Hugging the western edge of Europe from where its endless golden beaches enjoy long, hot summers and temperate winters, Portugal's appeal as a holiday destination shows no sign of abating. Although its ancient and culturally-rich cities retain fascinating remnants of what was once one of Europe's wealthiest and most powerful countries, it's only by taking to its paths, tracks and quiet backroads that the country's true nature is uncovered. From easy coastal paths to thigh-testing mountain tracks, Portugal has it all.
Costa Vicentina & The Algarve
Beyond the popular tourist developments lie mile upon mile of glorious sandy beaches backed by towering cliffs; a green interior of forested hills and whitewashed villages, and historic towns whose Moorish trophies shine against a seemingly perpetual cobalt sky.

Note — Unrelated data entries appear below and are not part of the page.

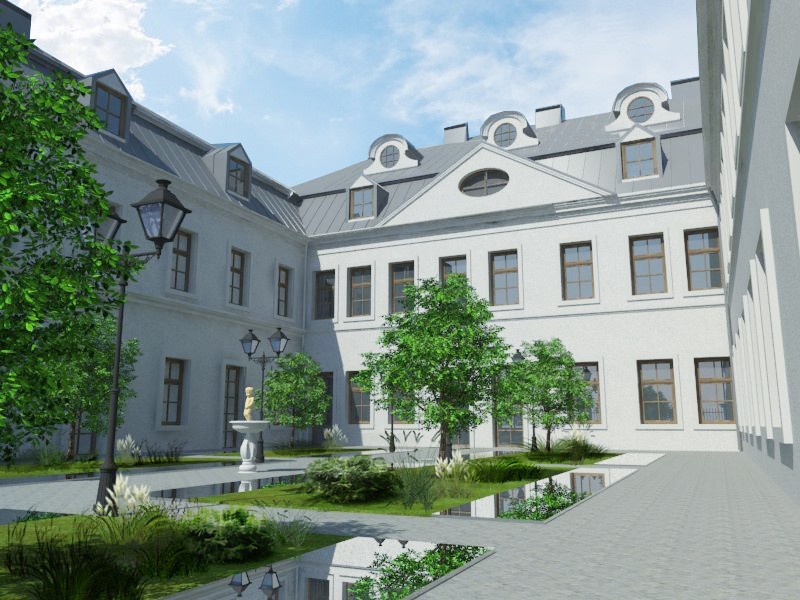 Pałac Potockich przy Staszica. XVIII-wieczny zabytek czeka gruntowna przebudowa pod okiem konserwatora zabytków (WIZUALIZACJE)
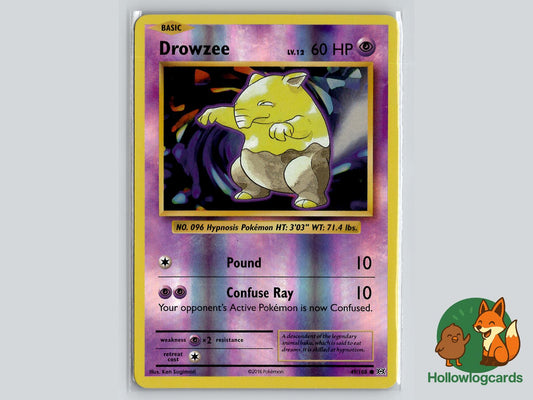 Drowzee (49/108) - Evolutions Pokémon Card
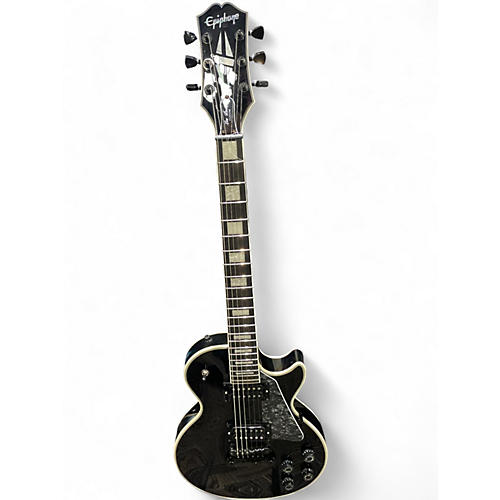 Used Epiphone Les Paul Custom Black Solid Body Electric Guitar Black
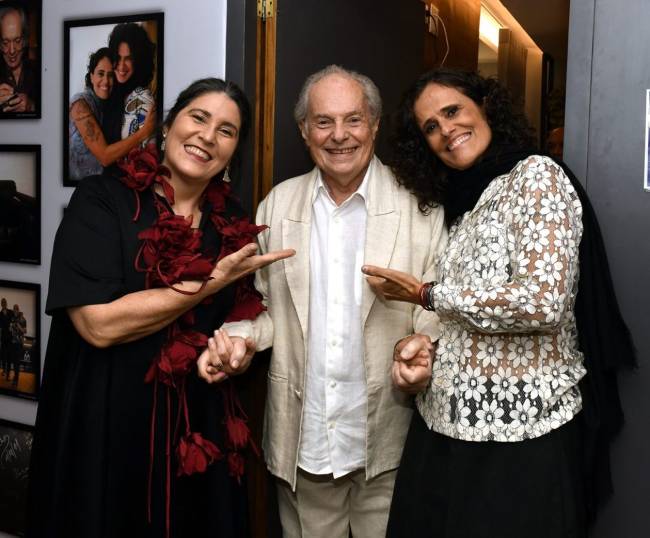 Mônica Salmaso , Francis Hime e Zélia Duncan - MAIO 2025 - CG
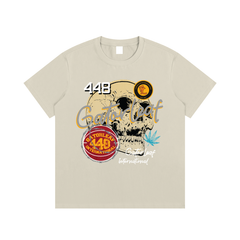 Basketball Skull Tee Essential Cotton Street Wear T Shirt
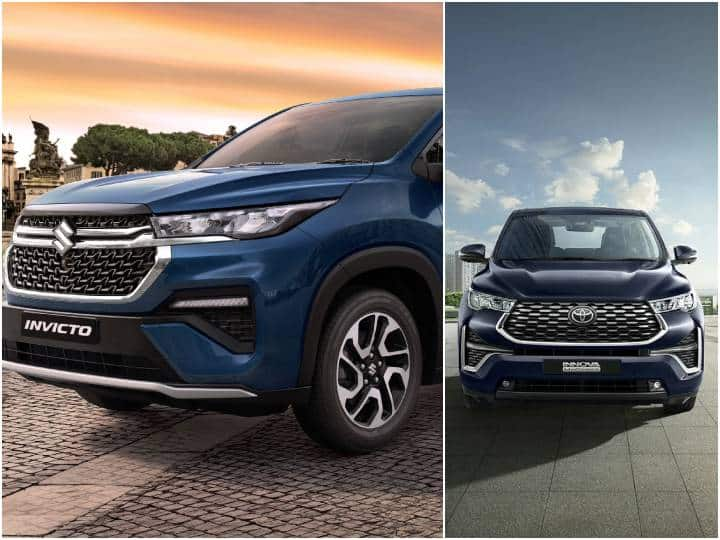 See the features comparison between Maruti Suzuki Invicto and Toyota Innova Hycross  Car Comparison: मारुति सुजुकी इनविक्टो और टोयोटा इनोवा हाइक्रॉस, जानें किसे खरीदना आपके लिये होगा बेहतर!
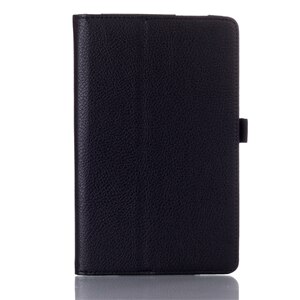Case Cover For Lenovo Tab 7 Essential TB-7304F TB 7304F 7304 7304i 7304X 7.0 inch Tablet Case PU Leather Cover: Black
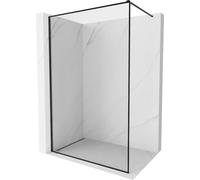 Mexen Kioto-XF Paroi de douche Walk-In avec cadre 150 x 202 cm Transparent 10 mm Noir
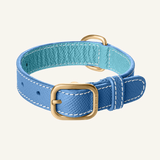 Leren Halsband Blauw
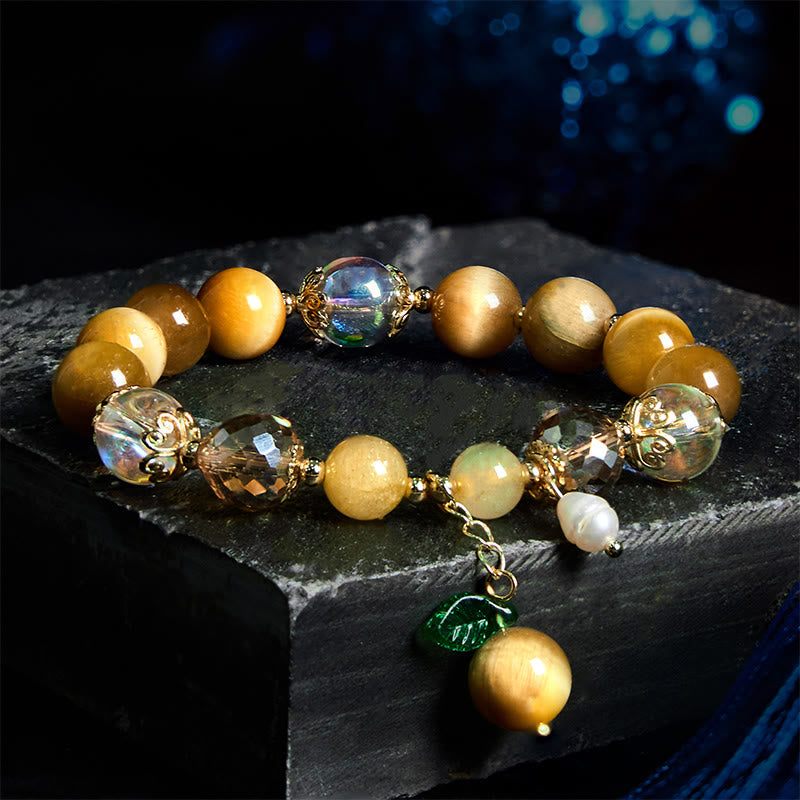 8mm Tiger Eye Courage Bracelet for Women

The walking: Comfortable walking on coastal paths dominates, taking in infinite ocean views, secluded coves and quaint fishing villages. Inland, on the forested paths and tracks of Monchique, the walking is more challenging and the landscape is a tapestry of cork oaks, wild flowers and scented cistus.
What makes it special? The glorious climate that rarely disappoints; storks nesting on sea stacks; wild flowers; breathtaking coastal views; bird-watching in the Costa Vicentina National Park; dining on fresh fish and piri-piri chicken.

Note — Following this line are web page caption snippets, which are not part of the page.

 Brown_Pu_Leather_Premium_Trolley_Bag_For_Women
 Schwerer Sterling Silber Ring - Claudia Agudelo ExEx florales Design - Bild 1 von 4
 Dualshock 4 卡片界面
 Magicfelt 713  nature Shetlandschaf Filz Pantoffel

Sintra has been attracting Portugal's royalty and noblesse to its luxuriantly-wooded hillsides since Roman times, their legacy of ornate palaces and sumptuous gardens proving an indefatigable magnet for visitors to this day. Teemed with Lisbon's summer retreat of Cascais and an unspoiled coastline of dramatic cliffs, this area is a veritable national Portuguese treasure.

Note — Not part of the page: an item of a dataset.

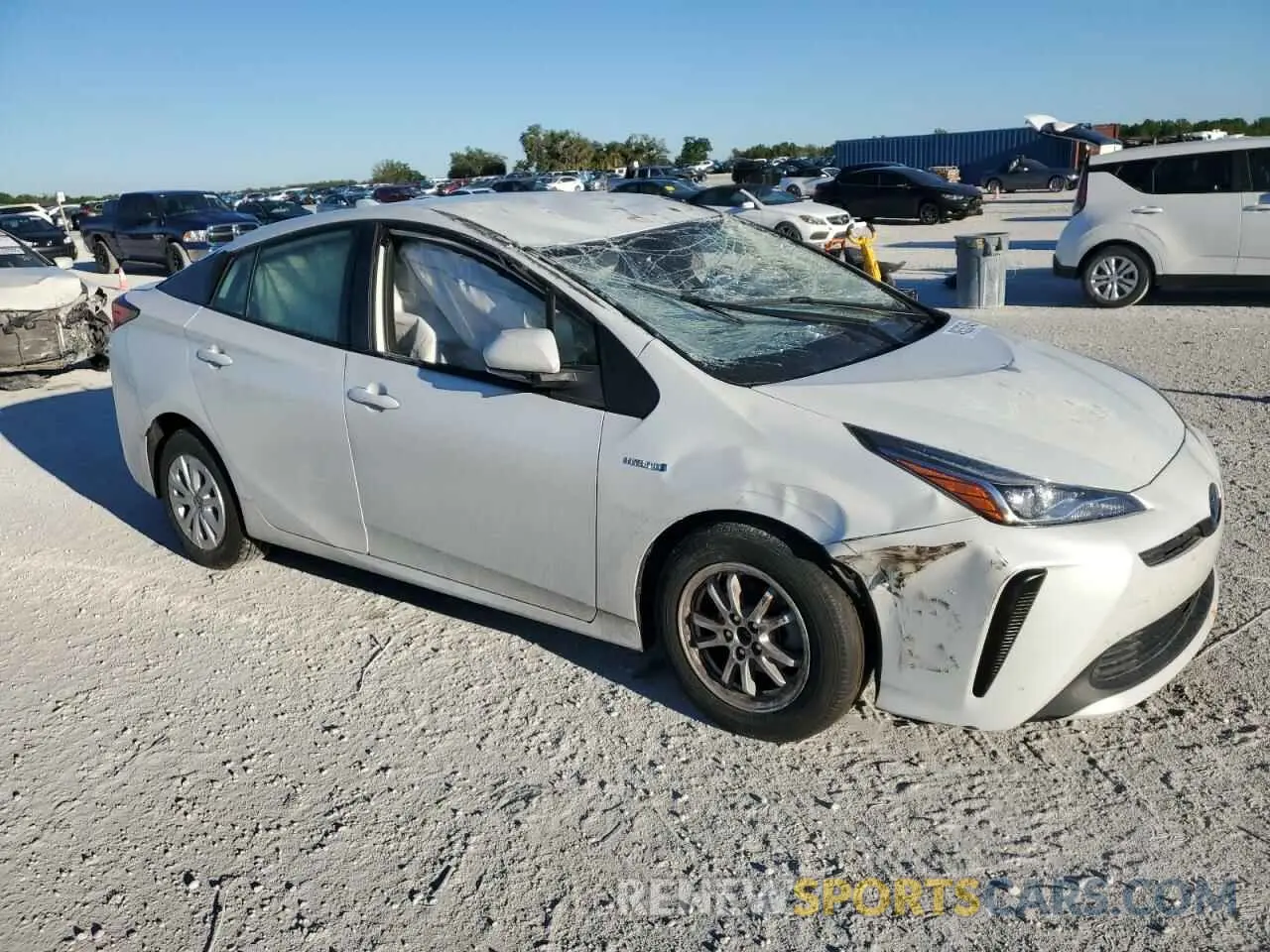 4 Photograph of a damaged car JTDKAMFU4N3157754 TOYOTA PRIUS NIGH 2022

The walking: Unchallenging coastal walking along clifftops and across sandy bays gives way to eucalyptus-scented woodland paths and some leg-stretching to hill-top monasteries and through secluded valleys.
What makes it special? Palaces, convents and gardens of Sintra; a dramatic coastline; Europe's most westerly point; superb accommodation; Sintra-Cascais Natural Park; and the seaside town of Cascais.
Arrábida Natural Park
The Setúbal Peninsula is home to one of Portugal's best-loved natural parks where three mountain ranges plunge 400 metres to white-sand coves lapped by the ocean. Far below the radar of mass tourism, despite its proximity to Lisbon, Arrábida is an undiscovered cornucopia of cultural, natural and gastronomic pearls.
The walking: From headland paths, through cork oak forests and stone pine valleys, to windmill-peppered ridges, there are plenty of ups and downs but nothing unduly testing.
What makes it special? Sesimbra; fish & seafood restaurants; the village of Azeitão; choco frito (fried cuttlefish); wines, wines and more wines; Azeitão cheese; Azulejos tiles; and a Pousada in a 12th-century castle.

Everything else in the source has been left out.